▶ EXERCISE
The response must be made up of the lines in the entries below that contain "Rattan".

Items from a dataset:
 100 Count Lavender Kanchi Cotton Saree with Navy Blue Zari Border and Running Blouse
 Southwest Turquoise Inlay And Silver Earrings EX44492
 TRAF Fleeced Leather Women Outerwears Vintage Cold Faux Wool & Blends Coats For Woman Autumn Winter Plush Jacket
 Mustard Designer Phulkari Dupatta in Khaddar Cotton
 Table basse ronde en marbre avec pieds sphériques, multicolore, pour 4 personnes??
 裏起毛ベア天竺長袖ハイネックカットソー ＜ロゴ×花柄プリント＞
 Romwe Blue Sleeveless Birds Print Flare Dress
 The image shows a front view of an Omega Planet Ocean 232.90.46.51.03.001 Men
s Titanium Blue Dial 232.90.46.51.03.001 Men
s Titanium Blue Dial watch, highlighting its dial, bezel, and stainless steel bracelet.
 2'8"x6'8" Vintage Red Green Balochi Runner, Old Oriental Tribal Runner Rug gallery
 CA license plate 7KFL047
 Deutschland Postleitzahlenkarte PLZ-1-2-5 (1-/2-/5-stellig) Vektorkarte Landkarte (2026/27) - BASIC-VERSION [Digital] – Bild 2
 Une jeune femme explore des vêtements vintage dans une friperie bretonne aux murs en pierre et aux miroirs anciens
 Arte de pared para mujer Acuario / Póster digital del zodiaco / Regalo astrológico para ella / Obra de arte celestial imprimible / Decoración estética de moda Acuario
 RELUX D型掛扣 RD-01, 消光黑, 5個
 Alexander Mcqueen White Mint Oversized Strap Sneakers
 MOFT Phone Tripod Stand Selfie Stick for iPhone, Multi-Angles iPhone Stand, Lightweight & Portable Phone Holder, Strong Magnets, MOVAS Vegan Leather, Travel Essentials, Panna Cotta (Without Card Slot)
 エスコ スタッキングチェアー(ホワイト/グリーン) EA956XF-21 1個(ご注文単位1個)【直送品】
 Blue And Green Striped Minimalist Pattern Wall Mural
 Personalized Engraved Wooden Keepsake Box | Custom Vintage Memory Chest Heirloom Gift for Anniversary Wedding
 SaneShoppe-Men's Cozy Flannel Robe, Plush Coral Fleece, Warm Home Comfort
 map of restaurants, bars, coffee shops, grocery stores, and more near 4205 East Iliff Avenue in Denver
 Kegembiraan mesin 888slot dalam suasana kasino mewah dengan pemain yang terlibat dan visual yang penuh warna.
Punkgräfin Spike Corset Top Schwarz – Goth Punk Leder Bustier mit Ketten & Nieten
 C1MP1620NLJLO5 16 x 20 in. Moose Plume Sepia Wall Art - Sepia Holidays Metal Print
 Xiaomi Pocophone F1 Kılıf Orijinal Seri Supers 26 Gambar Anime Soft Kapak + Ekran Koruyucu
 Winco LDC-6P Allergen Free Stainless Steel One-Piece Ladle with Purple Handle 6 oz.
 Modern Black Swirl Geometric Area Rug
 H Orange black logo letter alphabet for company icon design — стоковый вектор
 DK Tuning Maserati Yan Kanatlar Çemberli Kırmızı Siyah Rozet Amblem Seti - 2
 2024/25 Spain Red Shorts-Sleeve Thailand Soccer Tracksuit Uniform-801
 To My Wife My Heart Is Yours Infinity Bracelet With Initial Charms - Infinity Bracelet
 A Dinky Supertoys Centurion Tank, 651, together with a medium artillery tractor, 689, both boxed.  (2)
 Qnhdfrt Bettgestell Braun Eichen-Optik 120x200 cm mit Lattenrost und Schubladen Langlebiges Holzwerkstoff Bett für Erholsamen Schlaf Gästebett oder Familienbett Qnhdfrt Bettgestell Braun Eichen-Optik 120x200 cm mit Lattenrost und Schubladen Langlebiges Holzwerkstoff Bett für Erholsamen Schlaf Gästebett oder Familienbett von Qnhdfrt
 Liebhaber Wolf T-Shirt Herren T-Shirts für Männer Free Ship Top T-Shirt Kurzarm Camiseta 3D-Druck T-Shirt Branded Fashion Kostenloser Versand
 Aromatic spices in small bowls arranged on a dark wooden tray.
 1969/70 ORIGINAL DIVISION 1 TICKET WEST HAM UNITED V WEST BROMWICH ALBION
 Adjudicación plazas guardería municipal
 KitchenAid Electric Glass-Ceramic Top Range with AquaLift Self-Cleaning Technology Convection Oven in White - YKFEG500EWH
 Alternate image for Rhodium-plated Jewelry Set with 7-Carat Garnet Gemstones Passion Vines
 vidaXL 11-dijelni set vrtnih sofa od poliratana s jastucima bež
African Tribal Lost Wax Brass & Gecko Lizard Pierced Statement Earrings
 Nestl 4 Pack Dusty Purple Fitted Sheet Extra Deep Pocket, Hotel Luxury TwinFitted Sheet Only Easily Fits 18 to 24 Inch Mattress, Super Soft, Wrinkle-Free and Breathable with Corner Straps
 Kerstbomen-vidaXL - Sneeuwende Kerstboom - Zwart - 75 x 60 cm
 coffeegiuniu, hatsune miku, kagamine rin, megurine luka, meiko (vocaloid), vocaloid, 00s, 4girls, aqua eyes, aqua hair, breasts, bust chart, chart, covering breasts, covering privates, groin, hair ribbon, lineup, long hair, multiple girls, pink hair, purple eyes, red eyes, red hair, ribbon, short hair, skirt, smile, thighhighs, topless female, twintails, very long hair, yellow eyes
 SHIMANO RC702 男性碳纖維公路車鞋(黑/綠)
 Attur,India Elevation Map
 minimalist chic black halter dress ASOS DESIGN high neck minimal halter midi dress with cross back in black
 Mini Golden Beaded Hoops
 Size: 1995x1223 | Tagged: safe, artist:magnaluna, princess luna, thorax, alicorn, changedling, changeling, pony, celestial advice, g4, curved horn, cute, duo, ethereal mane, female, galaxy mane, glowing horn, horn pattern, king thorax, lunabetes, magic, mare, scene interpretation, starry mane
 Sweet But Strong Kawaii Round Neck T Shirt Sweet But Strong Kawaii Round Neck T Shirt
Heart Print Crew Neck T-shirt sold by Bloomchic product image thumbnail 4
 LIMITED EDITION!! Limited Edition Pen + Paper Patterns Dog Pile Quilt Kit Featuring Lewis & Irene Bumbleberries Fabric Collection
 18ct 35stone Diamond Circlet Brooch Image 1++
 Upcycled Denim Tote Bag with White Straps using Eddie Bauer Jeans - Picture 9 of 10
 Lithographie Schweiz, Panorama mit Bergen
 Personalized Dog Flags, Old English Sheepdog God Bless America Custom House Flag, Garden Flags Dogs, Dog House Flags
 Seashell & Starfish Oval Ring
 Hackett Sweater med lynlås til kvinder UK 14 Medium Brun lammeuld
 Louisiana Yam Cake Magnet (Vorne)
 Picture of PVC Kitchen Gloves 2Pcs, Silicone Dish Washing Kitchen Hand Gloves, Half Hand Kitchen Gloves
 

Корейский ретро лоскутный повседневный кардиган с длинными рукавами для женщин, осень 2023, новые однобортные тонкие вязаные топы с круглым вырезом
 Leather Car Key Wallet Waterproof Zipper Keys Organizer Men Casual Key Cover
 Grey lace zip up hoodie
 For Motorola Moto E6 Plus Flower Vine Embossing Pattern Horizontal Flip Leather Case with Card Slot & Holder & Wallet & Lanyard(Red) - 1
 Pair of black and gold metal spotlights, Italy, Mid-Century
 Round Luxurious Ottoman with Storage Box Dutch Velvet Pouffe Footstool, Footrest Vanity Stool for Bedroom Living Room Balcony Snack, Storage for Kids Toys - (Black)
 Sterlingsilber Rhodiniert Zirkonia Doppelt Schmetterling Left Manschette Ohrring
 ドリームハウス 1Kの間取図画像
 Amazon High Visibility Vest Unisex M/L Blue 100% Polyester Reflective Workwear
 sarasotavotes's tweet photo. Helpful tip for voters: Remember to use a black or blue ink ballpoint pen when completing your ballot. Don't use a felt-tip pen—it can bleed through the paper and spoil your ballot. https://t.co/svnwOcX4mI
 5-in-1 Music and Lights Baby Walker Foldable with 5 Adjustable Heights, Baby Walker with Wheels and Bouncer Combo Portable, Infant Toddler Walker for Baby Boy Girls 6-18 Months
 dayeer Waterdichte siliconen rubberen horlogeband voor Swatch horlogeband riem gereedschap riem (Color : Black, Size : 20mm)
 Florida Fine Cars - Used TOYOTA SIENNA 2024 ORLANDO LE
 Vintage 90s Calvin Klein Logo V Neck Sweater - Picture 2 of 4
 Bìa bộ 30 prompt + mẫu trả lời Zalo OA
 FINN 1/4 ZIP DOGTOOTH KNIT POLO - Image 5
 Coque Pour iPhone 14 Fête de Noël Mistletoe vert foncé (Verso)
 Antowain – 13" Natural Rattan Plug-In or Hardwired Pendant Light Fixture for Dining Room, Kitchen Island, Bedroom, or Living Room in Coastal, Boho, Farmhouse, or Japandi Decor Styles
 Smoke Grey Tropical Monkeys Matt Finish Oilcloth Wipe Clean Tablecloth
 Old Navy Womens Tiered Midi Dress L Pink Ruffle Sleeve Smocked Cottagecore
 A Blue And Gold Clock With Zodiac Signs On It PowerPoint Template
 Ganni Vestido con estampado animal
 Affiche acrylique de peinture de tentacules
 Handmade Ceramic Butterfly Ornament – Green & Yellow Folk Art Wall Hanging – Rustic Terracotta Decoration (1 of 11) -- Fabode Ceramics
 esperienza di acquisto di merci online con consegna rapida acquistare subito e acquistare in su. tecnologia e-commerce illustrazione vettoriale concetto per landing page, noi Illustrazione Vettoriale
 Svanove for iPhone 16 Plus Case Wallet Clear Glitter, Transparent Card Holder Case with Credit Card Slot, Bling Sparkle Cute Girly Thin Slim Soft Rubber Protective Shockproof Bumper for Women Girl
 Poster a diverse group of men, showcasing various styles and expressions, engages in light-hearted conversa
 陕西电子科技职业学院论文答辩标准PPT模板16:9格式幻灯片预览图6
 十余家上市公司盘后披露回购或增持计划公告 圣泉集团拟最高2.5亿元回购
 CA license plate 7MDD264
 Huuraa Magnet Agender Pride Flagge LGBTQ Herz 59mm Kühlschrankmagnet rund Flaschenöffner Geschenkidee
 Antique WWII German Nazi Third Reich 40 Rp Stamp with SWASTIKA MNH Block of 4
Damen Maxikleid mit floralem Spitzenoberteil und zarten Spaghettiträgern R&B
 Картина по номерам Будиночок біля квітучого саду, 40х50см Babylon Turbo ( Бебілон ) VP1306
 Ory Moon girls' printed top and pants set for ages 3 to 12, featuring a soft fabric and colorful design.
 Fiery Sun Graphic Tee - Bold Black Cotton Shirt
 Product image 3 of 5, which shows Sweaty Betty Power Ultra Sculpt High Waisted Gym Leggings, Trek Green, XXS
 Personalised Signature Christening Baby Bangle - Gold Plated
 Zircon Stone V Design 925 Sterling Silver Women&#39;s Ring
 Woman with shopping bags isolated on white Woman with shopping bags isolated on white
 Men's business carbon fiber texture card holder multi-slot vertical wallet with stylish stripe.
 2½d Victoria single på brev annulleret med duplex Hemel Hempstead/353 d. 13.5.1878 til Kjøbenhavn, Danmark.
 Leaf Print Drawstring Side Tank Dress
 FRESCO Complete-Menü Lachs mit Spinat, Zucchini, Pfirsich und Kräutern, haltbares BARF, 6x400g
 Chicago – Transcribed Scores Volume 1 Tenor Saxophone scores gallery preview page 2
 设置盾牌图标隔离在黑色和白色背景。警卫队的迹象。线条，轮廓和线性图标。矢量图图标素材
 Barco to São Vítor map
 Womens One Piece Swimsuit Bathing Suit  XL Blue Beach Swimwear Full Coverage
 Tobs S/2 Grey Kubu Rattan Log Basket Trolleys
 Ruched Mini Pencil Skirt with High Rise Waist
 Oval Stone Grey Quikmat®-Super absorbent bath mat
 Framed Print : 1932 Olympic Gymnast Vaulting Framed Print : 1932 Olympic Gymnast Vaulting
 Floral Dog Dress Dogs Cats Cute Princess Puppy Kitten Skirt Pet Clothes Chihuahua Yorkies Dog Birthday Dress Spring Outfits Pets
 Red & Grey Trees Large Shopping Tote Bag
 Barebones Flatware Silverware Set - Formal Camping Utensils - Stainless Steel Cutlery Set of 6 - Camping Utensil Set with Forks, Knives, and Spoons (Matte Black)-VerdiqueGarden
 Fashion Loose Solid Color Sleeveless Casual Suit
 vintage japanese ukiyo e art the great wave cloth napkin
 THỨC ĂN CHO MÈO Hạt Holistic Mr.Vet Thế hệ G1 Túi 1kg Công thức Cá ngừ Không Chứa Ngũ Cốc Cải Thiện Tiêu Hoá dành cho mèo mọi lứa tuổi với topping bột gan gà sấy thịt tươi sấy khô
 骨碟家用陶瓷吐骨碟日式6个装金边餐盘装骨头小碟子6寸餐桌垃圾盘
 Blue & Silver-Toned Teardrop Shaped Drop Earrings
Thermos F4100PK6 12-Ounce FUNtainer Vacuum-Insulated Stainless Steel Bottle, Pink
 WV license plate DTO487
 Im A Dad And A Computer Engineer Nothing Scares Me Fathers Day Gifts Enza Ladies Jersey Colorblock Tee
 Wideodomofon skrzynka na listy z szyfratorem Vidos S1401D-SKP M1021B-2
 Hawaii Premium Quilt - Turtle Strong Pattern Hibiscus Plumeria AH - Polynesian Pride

▶ YOUR SOLUTION
 Antowain – 13" Natural Rattan Plug-In or Hardwired Pendant Light Fixture for Dining Room, Kitchen Island, Bedroom, or Living Room in Coastal, Boho, Farmhouse, or Japandi Decor Styles
 Tobs S/2 Grey Kubu Rattan Log Basket Trolleys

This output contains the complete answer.